Around 300,000 people voted by text message for the two male finalists, while more than 10 million people watched the third season of "Afghan Star" show on Friday night on Tolo, the country's most popular TV channel.
Nineteen-year-old Rafi Nabzada, a Tajik from the northern province of Balkh, was declared the hottest new pop singer on Friday after the six-month show, a national contest held among some 2,000 contenders. "Today I am very proud because I got this position by the votes of my beloved countrymen," said the boyish favourite Nabzada after being declared the winner.
Hamid Sakhizada, a 21-year-old from the Hazara ethnic minority, who trilled to Afghan traditional rhythms amid cheers and catcalls of music fans during the last competition, was gracious in defeat.
"Whether are from Bamyan or Kandahar, we are brothers," he said. Both finalists received 8,000 dollars cash plus return-air-tickets to Dubai and India and contracts for recording deals. Third place went to Pashtun contestant, Lema Sahar, a 20-year-old girl and the first female contender to finish third since the show was launched in 2005.
Sahar is from southern Kandahar province, the most conservative region in the country and the birthplace of Taliban militants, whose government was toppled in a US-led military invasion in late 2001. During the six-year reign of the ultra-Islamic regime, women were forced to wear a head-to-toe veil and were not allowed to appear in public without male members of their families accompanying them.

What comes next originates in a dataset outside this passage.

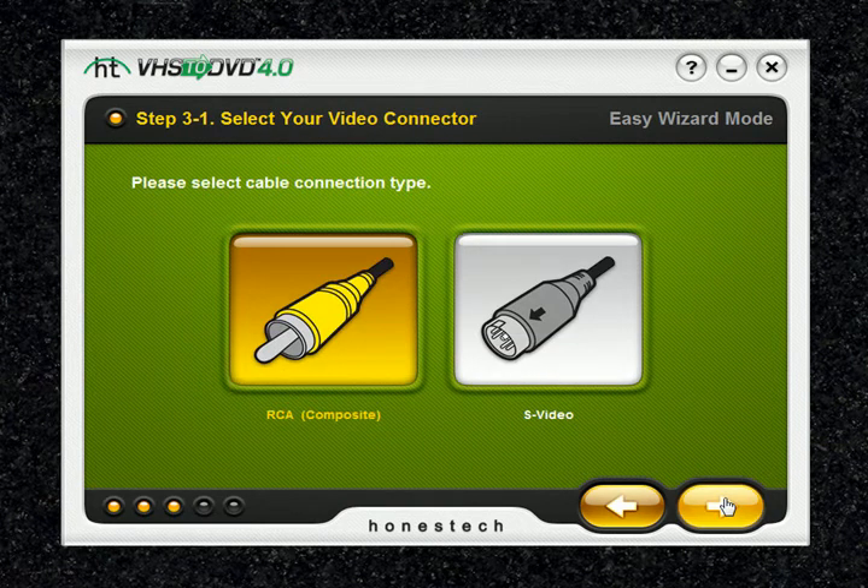In step 3 of 1, this is where you select your video connector type — RCA composite or S-video — and click the arrow pointing to the right to proceed. S-video cables transmit a higher quality video signal than regular RCA composite cables, but contrary to popular belief, they do not carry an audio signal.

The regime that claimed to have applied the "pure Islamic rules" also banned any type of visual broadcastings and music, the offenders of which were subjected to punishment that included whipping and imprisonment. "I am proud to have reached to this position," Sahar told a press conference a day before the final show. "I have been threatened, including several phone calls during the night," the shy-looking Sahar said. "But I don't lose my confidence, because I reached to the third position by the votes of my people and I know I will succeed in my decision."
Sahar was not the only girl in the show. Setara Hussainzada, a Tajik female contestant from western Herat province, who came eighth, was forced to flee from her home due to death threats after she was seen on the stage dancing during her performance last month.
Afghanistan had numerous singers and musicians including women, who fled the country en masse after communist-backed government collapsed in 1992 and was succeeded by the Taliban regime which came to power after 10 years of struggle against Soviet troops.
Six years after the Taliban regime's ousting, and amid international efforts to introduce democracy, conservative clerics condemn the TV show as "immoral." Hard-liners have demanded that the show be banned, mainly objecting to the performances by women.
The national council of religious scholars sent a statement to President Hamid Karzai in early January demanding a ban of several "immoral and un-Islamic" TV programmes, singling out the Afghan Star. The clerics charged that the show was "designed to encourage immorality" and was against the Afghan "custom and tradition."
However, show host Daud Sideqi rejected the Islamic conservatives' claims. "Music has always been part of our culture. Those, who oppose the show, they only do it because they have their own political purposes behind their opposition.
"If we look to the nearest Islamic countries around us like Pakistan, Iran, and Tajikistan, they all have singers, including women singers," Sideqi said. "We know after many difficult years, these things take time until the people accept them as the realities of our society."
A senior Afghan government official, who requested anonymity, meanwhile said, "The government has no objection against programmes like Afghan Star show. "But we are worried that the extremist groups would use this as tool to show to the people in rural areas that we are encouraging these kinds of Westernised programmes, which they deem it as un- Islamic," he added.